I’m new to C++, coming from Java.
In Java, all variables (except for primitives) are essentially pointers. They hold the address of whatever they’re ‘holding’.
So any Java data structure stores it’s data by reference. You can also store by value, i.e. save and return a copy of any item you store, but that would take extra work and isn’t native to the language.
For example, the collections ArrayList
, HashSet
, and a simple array all store the addresses of the items they ‘store’, and not the actual items.
However in C++, you have a choice: when implementing a container class, you can either store and return to the user items by value or by reference.
For example, here’s a simple Stack
class I wrote (omitted irrelevant stuff):
template <typename T> class Stack {
public:
Stack(...) : ... { }
void push(const T& item) {
if(size == capacity - 1)
enlargeArray();
data[indexToInsert++] = &item;
size++;
}
const T& pop() {
const T& item = *data[indexToInsert - 1];
data[indexToInsert - 1] = 0;
indexToInsert--;
size--;
return item;
}
int getSize() const {
return size;
}
private:
const T** data;
int indexToInsert;
int size;
int capacity;
void enlargeArray() {
// omitted
}
};
This data structure takes and returns data by reference. push
takes a const reference, and pop
returns a const reference. The backing array is an array of pointers, not objects.
However push
could also look like so:
void push(T item) {
if(size == capacity - 1)
enlargeArray();
data[indexToInsert++] = item;
size++;
}
And pop
could return a T
, not a const T&
, etc.
My question is: what is the preferred approach in C++? Is there a preferred approach? Which approach should I normally take when implementing ‘container’ classes?
3
Firstly, you probably shouldn’t implement a container class. 95% of the time you should one included in the standard library. If you just want to learn, or are in the 5%, carry on.
If you are defining a template, leave the decision up to your users. You users can use:
Stack<Foo>
if they want by value.
Stack<Foo*>
if they want by pointer.
Stack<std::unique_ptr<Foo>>
if they want pointers that clean up after themselves.

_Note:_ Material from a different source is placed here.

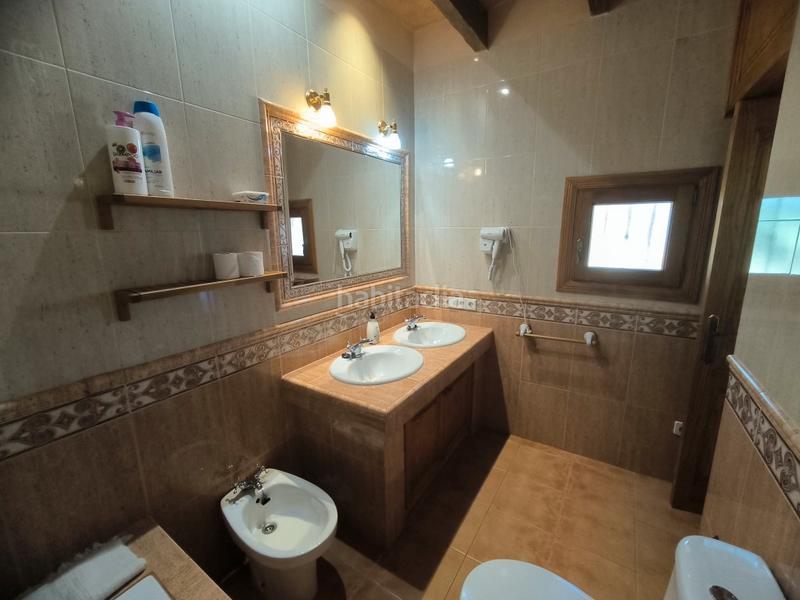 Foto 776400dd-d12a-4090-ba90-1f90a2436a17. Masia amb piscina a Llubí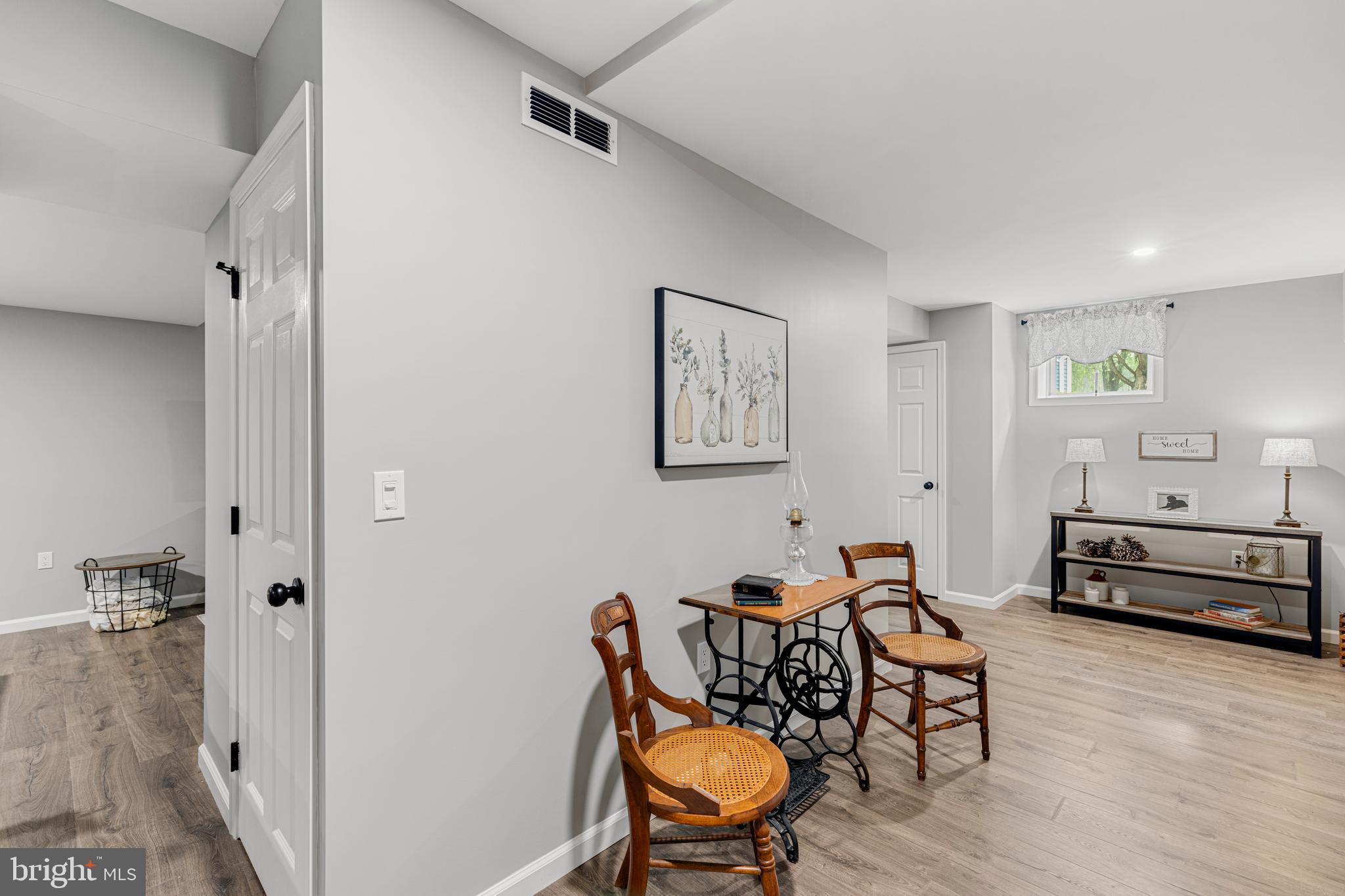 HUNT RIDGE - Residential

When choosing which to use, you should default to by value, unless you’ve got a good reason to do something different. Inside your stack class, just store everything by value. If the use of the template needs indirection, they can use T=pointer type.
Looking at your code:
void push(const T& item) {
if(size == capacity - 1)
enlargeArray();
data[indexToInsert++] = &item;
size++;
}
You can’t do that. &item
records the pointer to whatever was passed in. But you have no idea how long the pointer will be valid for. It could become invalid right after push finished. In that case, you’ve stored a pointer to an invalid place. In general, you can’t assume that a pointer remains valid. You should instead be copying the item.
5
My question is: what is the preferred approach in C++? Is there a preferred approach? Which approach should I normally take when implementing ‘container’ classes?
In C++ you can keep objects by:
- value
- reference
- pointer
- smart pointer (std::unique_ptr, std::shared_ptr, YourPointerClass).
(you didn’t mention the last two).
Each of these is valid for different situations and imposes different constraints, concerning objects ownership, lifetime management and polymorphic behavior ( that is, there isn’t a prefered approach – there are many of them 🙂 ):
-
use storing by value when:
- you are not storing objects with polymorphic behavior (i.e. objects are concrete classes with no base class and no virtual functions, or all objects are of the same runtime type – you are not storing specializations of a base class)
- your container owns the objects (i.e. the contained objects should have a lifetime equal to that of the container, and will be destroyed when the container is destroyed)
-
use storing by reference when:
- the stored objects are not owned by the container
- your contained objects have a larger scope and lifetime than the container.
- you are interested in polymorphic behavior (in this case you should store references to a base class)
Normally you should not do this, as there is a chance of slicing on assignment (unless your class hierarchy supports polymorphic assignment – which is another discussion altogether)
-
use storing by raw pointer when:
- your stored objects expose polymorphic behavior (base class and/or virtual functions)
- the container doesn’t own the stored objects
-
use storing by smart pointer when:
- your stored objects expose polymorphic behavior
- your objects are owned by the container (std::unique_ptr), ownership is shared (std::shared_ptr) or osage of smart pointer is imposed by client code constraints.
- the stored objects are expensive to copy/instantiate (edit cf. @NirFriedman)
To support all this, you will probably want to template your class by the stored type and fill in as needed, in client code.
2
Depends on if the container “owns” the object and they are a base class.
-
If the container doesn’t own the object then you should use pointers and be careful of the danglers (make sure no container holds a pointer to the object when it is destroyed).
-
If the container owns the object and is not a base class then you should store by value.
-
Otherwise (container owns and there are subclasses) you should store using a
std::unique_ptr
to ensure no slicing happens on store and proper destruction.